In der VR China selbst sei das Echo im Internet weit weniger offensichtlich. Shi Ming: "Der 20. Jahrestag der gewaltsamen Niederschlagung der Proteste auf dem Tiananmen-Platz ist in der Volksrepublik ein Tabu-Thema." Jede Beschäftigung damit, etwa in einem Blog, sei aufgrund der scharfen Zensur äußerst gefährlich. "Das Internet in China ist zum nationalen Intranet verkommen", so Shi Ming.
Und doch führe dies bei Bloggern in China selbst keineswegs zu Sprachlosigkeit. Shi Ming: "Sie praktizieren rund um den Jahrestag genau das, was Yang Hengjun in Bonn gesagt hat: Jeder Blog in China ist ein kleiner Protestplatz." Politisch aktive Kräfte nähmen den Jahrestag zum Anlass, neue technische Tricks und sprachliche Codes zu entwickeln, um das Massaker trotz der möglichen Repressalien zu thematisieren. So hätten chinesische Blogger zum Beispiel das Datum "35. Mai" eingeführt. Zähle man die kalendarisch nicht existierenden Tage weiter, komme man genau auf den Jahrestag des Massakers am 4. Juni. Binnen weniger Stunden seien zahlreiche innerchinesische Diskussionsforen "auf diesen Code aufgesprungen". In verschlüsselten Formulierungen hätten chinesische Diskutanten den Erfolg ihres Codes gefeiert und den Umstand, dass selbst die größte Internetpolizei der Welt überlistet worden sei.
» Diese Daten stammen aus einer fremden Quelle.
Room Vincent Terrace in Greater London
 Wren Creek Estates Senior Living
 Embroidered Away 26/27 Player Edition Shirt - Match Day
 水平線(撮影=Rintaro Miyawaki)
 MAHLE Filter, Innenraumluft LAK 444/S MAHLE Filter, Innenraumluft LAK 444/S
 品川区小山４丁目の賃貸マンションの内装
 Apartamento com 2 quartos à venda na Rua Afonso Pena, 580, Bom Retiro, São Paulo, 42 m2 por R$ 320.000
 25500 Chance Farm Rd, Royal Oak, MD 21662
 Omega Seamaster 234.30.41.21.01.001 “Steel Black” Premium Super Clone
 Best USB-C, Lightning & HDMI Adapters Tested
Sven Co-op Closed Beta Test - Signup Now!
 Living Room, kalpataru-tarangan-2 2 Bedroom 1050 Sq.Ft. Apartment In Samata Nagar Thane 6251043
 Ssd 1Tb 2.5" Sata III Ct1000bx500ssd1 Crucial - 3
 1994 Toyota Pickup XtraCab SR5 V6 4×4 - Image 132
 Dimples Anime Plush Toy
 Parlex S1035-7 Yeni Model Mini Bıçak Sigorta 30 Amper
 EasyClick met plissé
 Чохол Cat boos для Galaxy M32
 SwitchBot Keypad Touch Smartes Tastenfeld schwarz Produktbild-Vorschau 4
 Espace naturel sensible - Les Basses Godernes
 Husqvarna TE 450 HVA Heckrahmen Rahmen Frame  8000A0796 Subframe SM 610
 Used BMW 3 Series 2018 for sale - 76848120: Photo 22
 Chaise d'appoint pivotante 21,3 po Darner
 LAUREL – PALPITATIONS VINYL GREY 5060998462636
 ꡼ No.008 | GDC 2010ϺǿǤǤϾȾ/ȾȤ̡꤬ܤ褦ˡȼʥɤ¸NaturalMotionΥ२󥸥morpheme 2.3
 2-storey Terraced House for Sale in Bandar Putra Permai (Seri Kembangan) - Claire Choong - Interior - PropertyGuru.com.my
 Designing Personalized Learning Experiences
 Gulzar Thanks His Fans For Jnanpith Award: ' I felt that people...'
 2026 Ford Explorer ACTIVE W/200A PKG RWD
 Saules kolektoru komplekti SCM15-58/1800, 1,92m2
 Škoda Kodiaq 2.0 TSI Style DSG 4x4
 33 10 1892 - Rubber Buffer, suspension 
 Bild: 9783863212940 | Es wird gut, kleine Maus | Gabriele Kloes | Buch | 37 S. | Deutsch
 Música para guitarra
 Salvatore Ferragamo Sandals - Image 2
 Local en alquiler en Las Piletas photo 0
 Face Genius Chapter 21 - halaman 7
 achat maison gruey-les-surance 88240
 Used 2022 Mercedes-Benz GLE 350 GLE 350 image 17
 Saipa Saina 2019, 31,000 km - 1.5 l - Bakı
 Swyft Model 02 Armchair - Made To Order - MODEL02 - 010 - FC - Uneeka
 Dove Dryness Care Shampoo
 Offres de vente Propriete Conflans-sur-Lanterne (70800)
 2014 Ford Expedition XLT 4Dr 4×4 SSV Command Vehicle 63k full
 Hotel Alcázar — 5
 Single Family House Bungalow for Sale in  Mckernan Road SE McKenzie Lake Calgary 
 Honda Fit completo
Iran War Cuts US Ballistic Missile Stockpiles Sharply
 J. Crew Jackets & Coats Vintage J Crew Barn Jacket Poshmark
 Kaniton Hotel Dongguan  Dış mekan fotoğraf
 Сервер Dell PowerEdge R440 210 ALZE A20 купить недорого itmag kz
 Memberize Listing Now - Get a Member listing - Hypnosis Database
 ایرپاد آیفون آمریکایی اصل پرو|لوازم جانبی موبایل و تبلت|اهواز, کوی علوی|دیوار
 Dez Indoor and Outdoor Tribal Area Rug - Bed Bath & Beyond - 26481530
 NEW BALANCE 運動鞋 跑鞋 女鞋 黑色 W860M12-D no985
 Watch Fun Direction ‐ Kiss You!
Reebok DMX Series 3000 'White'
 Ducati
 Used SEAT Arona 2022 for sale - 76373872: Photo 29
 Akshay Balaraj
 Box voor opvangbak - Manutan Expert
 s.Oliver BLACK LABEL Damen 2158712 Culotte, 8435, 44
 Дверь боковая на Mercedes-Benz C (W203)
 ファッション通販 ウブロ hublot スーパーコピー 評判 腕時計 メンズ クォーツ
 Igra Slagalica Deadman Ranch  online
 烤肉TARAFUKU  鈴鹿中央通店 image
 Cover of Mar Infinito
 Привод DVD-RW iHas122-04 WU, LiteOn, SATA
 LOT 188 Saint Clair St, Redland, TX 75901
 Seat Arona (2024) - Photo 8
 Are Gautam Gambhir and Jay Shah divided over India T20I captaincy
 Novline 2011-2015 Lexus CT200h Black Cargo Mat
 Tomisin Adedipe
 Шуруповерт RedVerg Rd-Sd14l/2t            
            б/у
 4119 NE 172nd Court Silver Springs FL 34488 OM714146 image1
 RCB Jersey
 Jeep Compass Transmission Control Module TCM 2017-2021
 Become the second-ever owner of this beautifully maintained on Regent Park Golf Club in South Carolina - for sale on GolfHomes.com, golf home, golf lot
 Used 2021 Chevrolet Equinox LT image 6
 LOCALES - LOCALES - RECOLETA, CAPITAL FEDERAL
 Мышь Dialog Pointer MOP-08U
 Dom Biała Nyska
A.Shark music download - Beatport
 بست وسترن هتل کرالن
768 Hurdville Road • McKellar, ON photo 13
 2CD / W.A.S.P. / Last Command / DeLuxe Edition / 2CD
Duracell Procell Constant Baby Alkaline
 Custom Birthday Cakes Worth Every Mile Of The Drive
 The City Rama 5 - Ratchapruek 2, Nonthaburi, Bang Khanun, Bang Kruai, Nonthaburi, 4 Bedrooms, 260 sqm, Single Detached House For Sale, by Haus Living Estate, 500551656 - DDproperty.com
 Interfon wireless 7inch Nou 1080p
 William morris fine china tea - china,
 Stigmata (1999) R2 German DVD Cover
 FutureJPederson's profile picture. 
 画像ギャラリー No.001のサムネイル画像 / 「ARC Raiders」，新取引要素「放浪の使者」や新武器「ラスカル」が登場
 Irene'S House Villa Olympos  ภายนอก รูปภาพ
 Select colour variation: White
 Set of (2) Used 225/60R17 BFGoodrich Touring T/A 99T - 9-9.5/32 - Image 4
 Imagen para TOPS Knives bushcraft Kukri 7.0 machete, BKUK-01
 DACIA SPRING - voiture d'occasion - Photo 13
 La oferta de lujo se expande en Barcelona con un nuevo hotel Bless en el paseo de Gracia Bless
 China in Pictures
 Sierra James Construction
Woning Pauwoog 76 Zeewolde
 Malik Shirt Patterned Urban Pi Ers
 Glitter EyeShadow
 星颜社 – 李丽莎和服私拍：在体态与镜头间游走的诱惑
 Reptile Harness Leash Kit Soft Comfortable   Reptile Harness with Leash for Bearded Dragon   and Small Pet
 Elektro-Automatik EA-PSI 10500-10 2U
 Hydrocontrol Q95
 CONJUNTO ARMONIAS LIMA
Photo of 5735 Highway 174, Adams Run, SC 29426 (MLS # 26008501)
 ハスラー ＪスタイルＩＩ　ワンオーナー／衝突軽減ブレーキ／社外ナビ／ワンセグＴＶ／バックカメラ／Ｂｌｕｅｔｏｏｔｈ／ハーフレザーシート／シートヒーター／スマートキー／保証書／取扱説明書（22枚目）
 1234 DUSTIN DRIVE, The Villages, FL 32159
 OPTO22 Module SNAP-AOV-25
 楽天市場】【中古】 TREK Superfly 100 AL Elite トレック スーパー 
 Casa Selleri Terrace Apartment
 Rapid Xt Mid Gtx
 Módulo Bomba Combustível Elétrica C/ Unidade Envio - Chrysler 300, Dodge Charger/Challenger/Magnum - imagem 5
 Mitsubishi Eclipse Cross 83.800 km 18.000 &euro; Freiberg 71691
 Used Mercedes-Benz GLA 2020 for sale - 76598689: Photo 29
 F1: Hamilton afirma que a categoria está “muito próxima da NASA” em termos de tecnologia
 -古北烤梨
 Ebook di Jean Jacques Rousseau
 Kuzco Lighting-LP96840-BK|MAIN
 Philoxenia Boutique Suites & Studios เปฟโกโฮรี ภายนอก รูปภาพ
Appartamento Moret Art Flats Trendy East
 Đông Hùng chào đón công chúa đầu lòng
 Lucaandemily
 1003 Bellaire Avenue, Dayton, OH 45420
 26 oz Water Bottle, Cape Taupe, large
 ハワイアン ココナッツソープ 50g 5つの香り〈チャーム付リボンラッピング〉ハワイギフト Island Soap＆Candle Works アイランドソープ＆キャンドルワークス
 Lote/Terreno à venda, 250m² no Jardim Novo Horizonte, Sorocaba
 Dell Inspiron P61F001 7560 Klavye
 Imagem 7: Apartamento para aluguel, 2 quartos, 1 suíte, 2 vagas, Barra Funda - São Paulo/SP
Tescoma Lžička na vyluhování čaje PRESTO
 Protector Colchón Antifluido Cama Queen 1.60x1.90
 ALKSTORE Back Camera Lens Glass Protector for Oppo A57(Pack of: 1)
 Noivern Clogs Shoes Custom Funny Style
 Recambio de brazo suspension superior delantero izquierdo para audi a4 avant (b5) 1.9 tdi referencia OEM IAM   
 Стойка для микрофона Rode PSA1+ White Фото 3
Das aktuelle Beispiel, so Shi Ming, sei "hochinteressant auch im Hinblick auf die weitere Entwicklung des Internet in der VR China als sozialer Kommunikationsraum. Die Parallelität von zwei Lauffeuern - das eine im westlichen Internet, das andere im chinesischen - korrespondiert und zeigt die potenzielle Kraft einer globalen zivilgesellschaftlichen Kommunikation."